| Data |
# # # # #

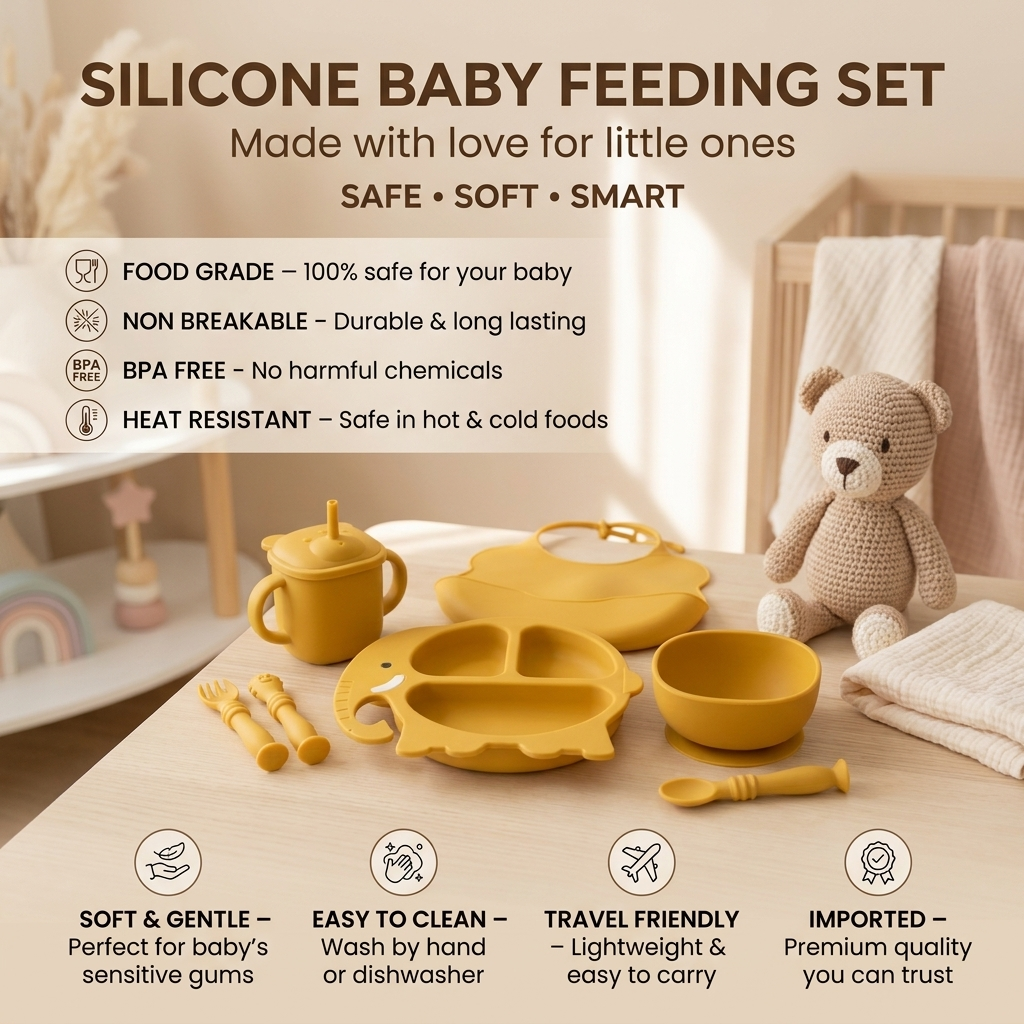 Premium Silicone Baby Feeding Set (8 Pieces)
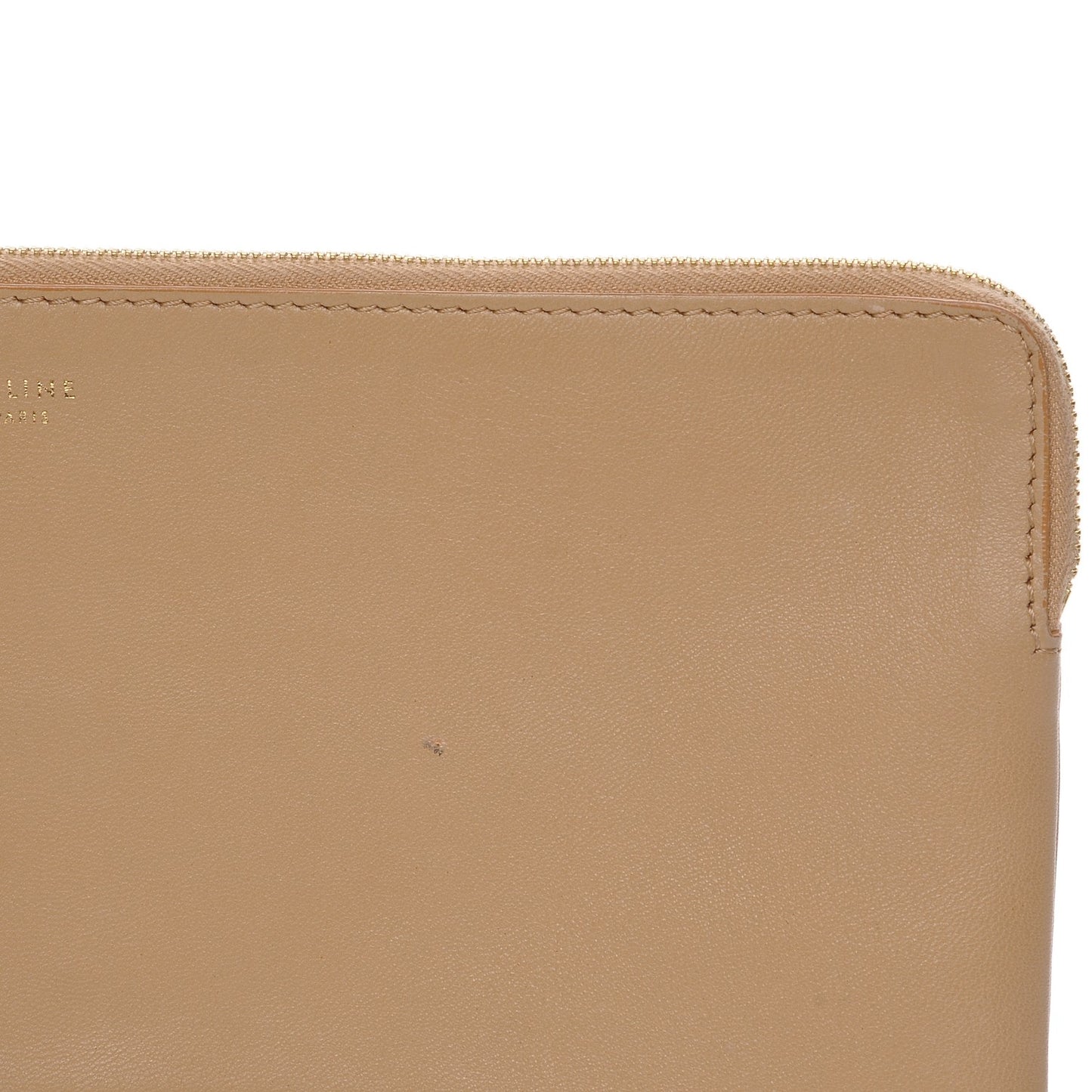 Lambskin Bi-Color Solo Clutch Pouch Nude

# # # # #

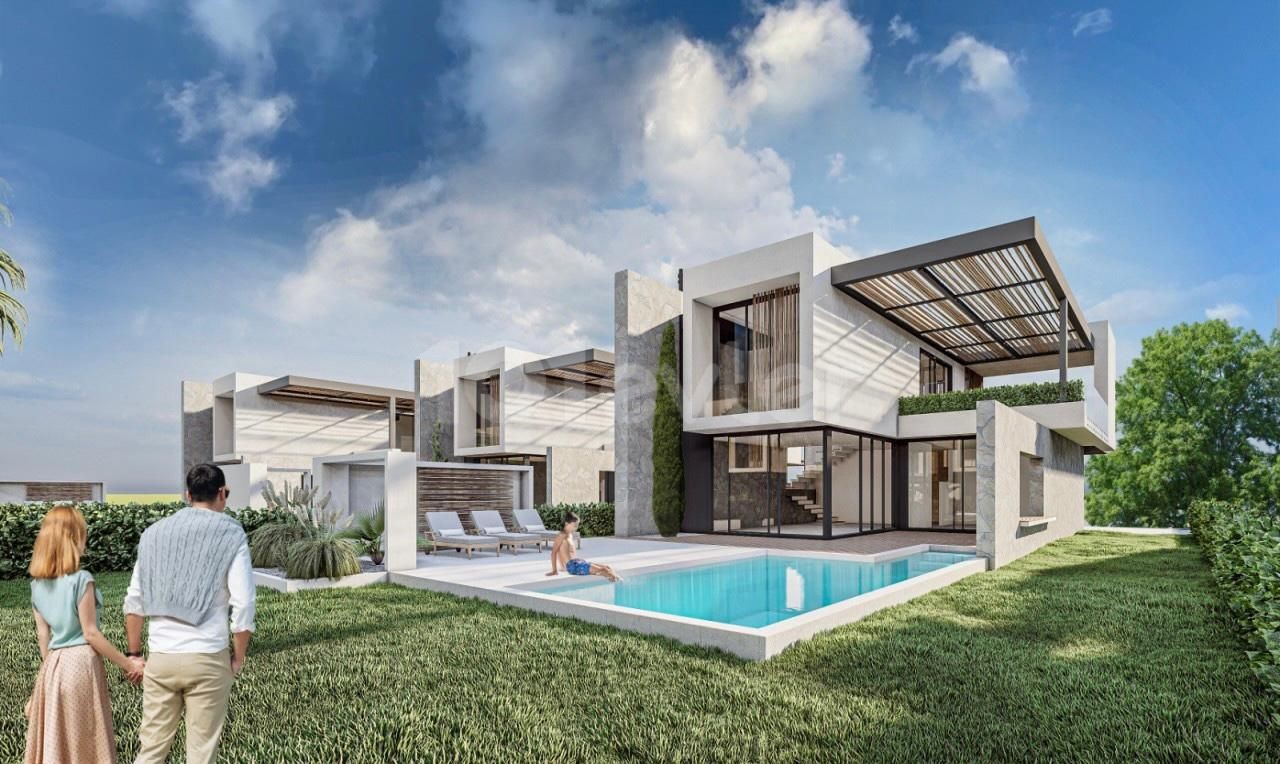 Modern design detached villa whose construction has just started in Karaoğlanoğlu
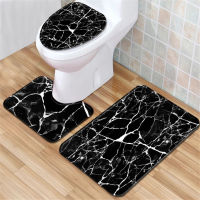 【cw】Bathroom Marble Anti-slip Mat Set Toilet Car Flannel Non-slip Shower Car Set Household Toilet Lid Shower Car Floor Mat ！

# # # # #

| Problem requirements |
Everything from the line with "Premium Silicone Baby Feeding Set (8 Pieces)" down to the line with "Lambskin Bi-Color Solo Clutch Pouch Nude" in the data above should be copied exactly, with both end lines kept and the pictures left out.

| Worked solution |
 Premium Silicone Baby Feeding Set (8 Pieces)
 Lambskin Bi-Color Solo Clutch Pouch Nude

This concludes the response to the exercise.